C’est à ce moment-là que le parti Komeito (« parti du gouvernement éclairé »), ancien rival du PLD, créé et soutenu par le mouvement néobouddhiste Soka Gakkai, a changé de côté et formé une coalition avec le PLD : il craignait de se retrouver dans le collimateur du gouvernement après l’attaque terroriste de la secte Aum. Vers la même période, tout un éventail de mouvements religieux ultraconservateurs, y compris l’Association des sanctuaires shintoïstes, qui n’a cessé de vouloir recouvrer le statut spécial dont il bénéficiait avant-guerre dans le shintoïsme d’Etat [tous les sanctuaires shintoïstes étaient alors la propriété du gouvernement], a formé la Nippon Kaigi, la « conférence du Japon », avec des dirigeants d’entreprises et de médias de droite. Ce puissant lobby du PLD et de la droite promeut un nationalisme réactionnaire prêchant le culte de l’empereur, la révision de la Constitution, la remilitarisation, le révisionnisme, ainsi que la défense des rôles traditionnels des genres et les valeurs de la famille.
Lorsque Jun’ichiro Koizumi était à la tête de la coalition gouvernementale PLD-Komeito entre 2001 et 2006, l’influence de ces nouvelles religions est allée croissant. Les voix obtenues grâce aux organisations religieuses dans les circonscriptions à vote uninominal compensaient le fait que la coalition avait perdu le soutien des secteurs du bâtiment et de l’agriculture car ses réformes néolibérales avaient supprimé des projets de travaux publics et des subventions.

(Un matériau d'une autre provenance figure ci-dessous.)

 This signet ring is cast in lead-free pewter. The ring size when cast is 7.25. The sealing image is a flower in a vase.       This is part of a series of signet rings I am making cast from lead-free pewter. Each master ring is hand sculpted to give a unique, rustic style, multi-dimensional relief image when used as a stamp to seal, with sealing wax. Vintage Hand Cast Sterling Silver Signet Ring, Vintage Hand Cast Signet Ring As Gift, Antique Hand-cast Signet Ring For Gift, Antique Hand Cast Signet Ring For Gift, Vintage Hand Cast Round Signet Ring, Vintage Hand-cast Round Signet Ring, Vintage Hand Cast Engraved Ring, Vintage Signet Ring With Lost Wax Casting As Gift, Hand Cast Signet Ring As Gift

D’autre part, Koizumi a propulsé une nouvelle génération de responsables politiques plus à droite, nés après-guerre, y compris Abe. Idéologiquement, cette nouvelle génération de leadeurs était souvent à l’unisson avec les religions ultraconservatrices. Ainsi, au moment où Abe a succédé à Koizumi au fauteuil de premier ministre, pour son premier mandat, en 2006, la droite religieuse avait déjà été renforcée et intégrée au sein du PLD.
Muselage des médias
Après la parenthèse d’un gouvernement du Parti démocrate entre 2009 et 2012, Abe et la droite religieuse sont revenus au pouvoir, vindicatifs, afin de « reprendre le Japon » avec un programme ultraconservateur sur les questions de genre, le réarmement, l’éducation morale, le révisionnisme ainsi que la révision de la Constitution – qu’ils considèrent comme la vraie cause de l’humiliation nationale et de la décadence morale de l’après-guerre. Depuis son retour au pouvoir, Abe et les responsables politiques de droite n’ont plus ressenti le besoin de dissimuler leurs liens avec la droite religieuse, pas même avec une organisation aussi controversée que l’Eglise de l’unification. Cela tient, en partie, à la banalisation et à l’intégration de celle-ci au mouvement politique dominant mais aussi au muselage des médias, qui ne critiquent pas ces liens.
Yamagami aurait décidé d’assassiner Abe après avoir vu un message vidéo de l’ancien premier ministre louant les activités du chef de l’Eglise de l’unification, vidéo encore disponible sur YouTube.